黒人たちの自由への夢を乗せた米国版銀河鉄道
「地下鉄道」コルソン・ホワイトヘッド著 谷崎由依訳/早川書房 2300円+税
リンカーンによって奴隷解放が宣言される以前の18世紀末から、アメリカでは南部の黒人奴隷を北部の自由州へ逃亡させる運動が少なからずあった。中でも有名なのが、「地下鉄道」と呼ばれる秘密組織である。発覚すると逃亡に関与した者も罰せられるため、逃亡させる奴隷は「積み荷」、輸送を助けるのは「車掌」、奴隷をかくまう小屋は「駅」といった符丁を使い極秘裏に行われた。
無論、実際に地下を鉄道が走っていたわけではないが、もし本当に地下を結ぶ鉄道があったら……。

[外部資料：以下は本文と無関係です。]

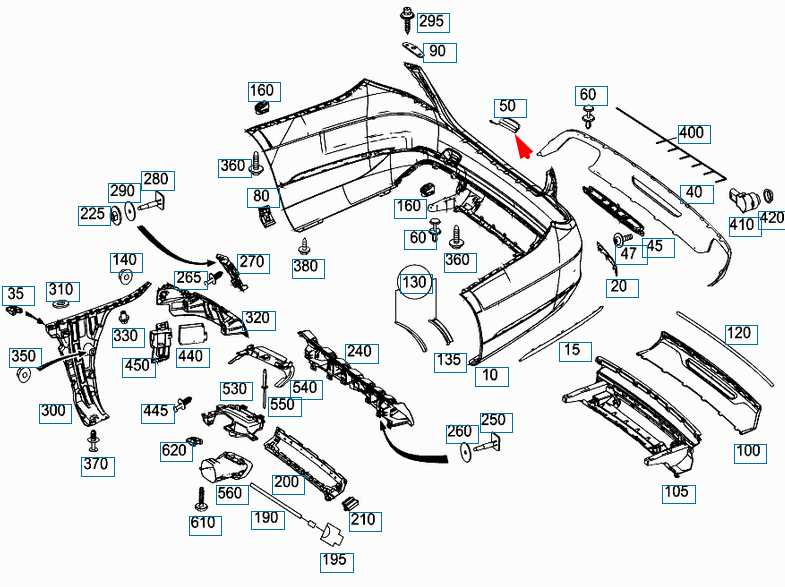 NEW MERCEDES-BENZ S-CLASS W222 REAR BUMPER TOW EYE COVER A22288502239999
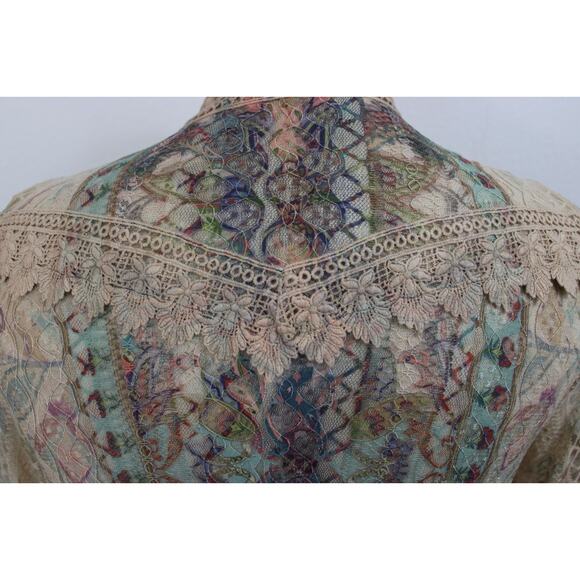 Origami by Vivien Duster Cover Size L Chiffon Sheer Embroidered Boho Tiered - Picture 6 of 10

本書は、そんな「もし」から生まれた小説である。
ジョージア州のプランテーションに住む15歳の少女コーラは、アフリカから連れ去られた祖母から数えて3代目の奴隷。母は幼いコーラを残して逃亡、みなし子となった。繰り返される暴力と暴行と、プランテーションでの暮らしは悲惨をきわめていた。ある日、コーラは同じ奴隷のシーザーから「北へ逃げないか」と誘われる。
半信半疑ながらシーザーについて地下へ下りると巨大なトンネルの先に「駅」が現れた。列車に乗って着いた先はサウスカロライナ。白人と黒人が交ざり合って歩く自由な雰囲気に希望を見いだしたコーラだが、奴隷狩り人のリッジウェイによってその夢はあえなくついえる。辛うじてリッジウェイの手を逃れノースカロライナへたどり着き、屋根裏に隠れ住むが、そこへまた追っ手の手が伸びてくる……。
コーラと奴隷狩り人との追いつ追われつはサスペンス映画さながらだが、列車が地下を走るという設定以外は史料をきちんと押さえており、この時代のアメリカの暗部を強烈に照らし返している。また東理夫の「アメリカは歌う。」によると、ニグロスピリチュアルの歌詞には、この地下鉄道の「駅」へと導く暗号が秘められているという。黒人たちの自由への夢を乗せて走る「地下鉄道」は、アメリカ版銀河鉄道といえるかもしれない。